BEING MORE PERSONAL:
Ever feel like if you aren’t personal or relatable enough online then you aren’t being true to yourself or is that just how I’ve been feeling recently? I think what has taken me so long to realise that I can and will in fact post whatever I want online despite fear of being judged or laughed at is that I really do not care what other people think. If I did I would hide in the non existent shell I have and avoid putting myself out there, however as you can tell that’s simply not me.

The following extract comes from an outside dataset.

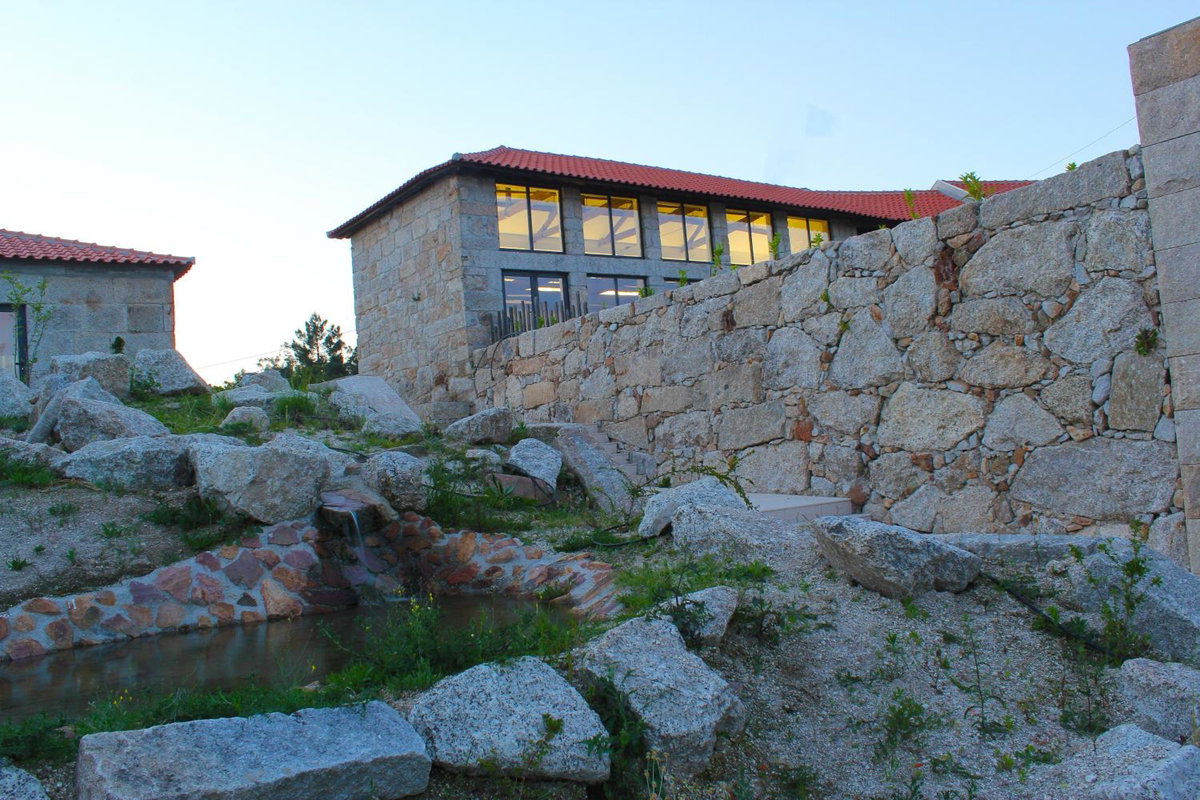 Hotel · Lousada Country Hotel, Paredes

I posted something about a month ago when I was feeling really low and things that had been going on over the past year or so had all just build up inside and exploded all at once. I felt a little like a fraud on that day after posting a photo or two of me from the previous day looking super happy. So I took to Instagram to explain to people that I was in fact feeling the opposite of what my pictures showed, that I had spent the night crying my eyes out. I wanted people to realise that it’s okay to open up and admit life isn’t all sunshine and rainbows, and to be honest I received a really positive response of people thanking me for showing the reality and not so glamorous side of my life and that it encouraged them to do the same. I don’t want my blog/Instagram to show a false sense of reality so I think it’s important I use the platform to be as real as I possibly can be online.
I’ve kinda loved mixing my content around a little over the past few months, sharing more candid, less staged photos. Photos that would have once just made it onto Twitter or Instagram stories is now making it onto my main page… I guess you could say I’m having more fun with content creating and style than ever before, and loving my Instagram for it.
ADMITTING MY TRUE FEELINGS:
How many times in your life have you covered up your feelings or played them down in fear of being rejected or loosing someone for it. I’ve learnt a lot in a year and that’s not from just my own doings but the actions of others as well, and that is to admit your true feelings. I’ve lost people and nearly lost people in the past year or two from:
a) not standing my ground and admitting I’m not happy with the way someone is behaving
b) acting like I’m not as into someone as I actually am
c) not asking the right questions in regards to where I stand with someone
And I guess you could say I’ve learnt from these mistakes and am now changing the way I go about things when it comes to relationships (family/friends/boys).
I nearly let the fear of rejection completely take over a few months ago when I stupidly didn’t ask more questions in regards to what I was to someone. I was so scared of how I felt/feel about them that when they said ‘well we are just friends I guess’ that I ran away instead of saying to them I BLOODY LIKE YOU…A LOT. I think I let him have all the say in the situation rather than taking control and asking him what he meant by that and asking him how he truly felt. But no, I said ‘Okay’ got upset about it all and decided that it was too painful to pretend I didn’t like him In the way I did and ran away only to feel 10 times worse because the feelings never went and I was practically lying to myself the whole time.
I had some sort of epiphany about a month ago, realising that I had to be open about how I felt. Which is exactly what I did. And god, did I feel so much better for it. Telling him the real reason why I took it upon myself to attempt to move on and how It wasn’t because I didn’t like him, but in fact the complete opposite. I was scared to be so open, because sometimes when it comes to guys I can be a pretty closed book however this once I put my ego aside and was true to how I’d felt.
It’s a relief letting things out, telling someone you miss them, that you like them and are thinking about them. It can be hard if you don’t get the response you really wanted, but theres always the chance you will.
*jewellery in this post have been gifted to me by Jewellery Box, however all wording and opinions are my own.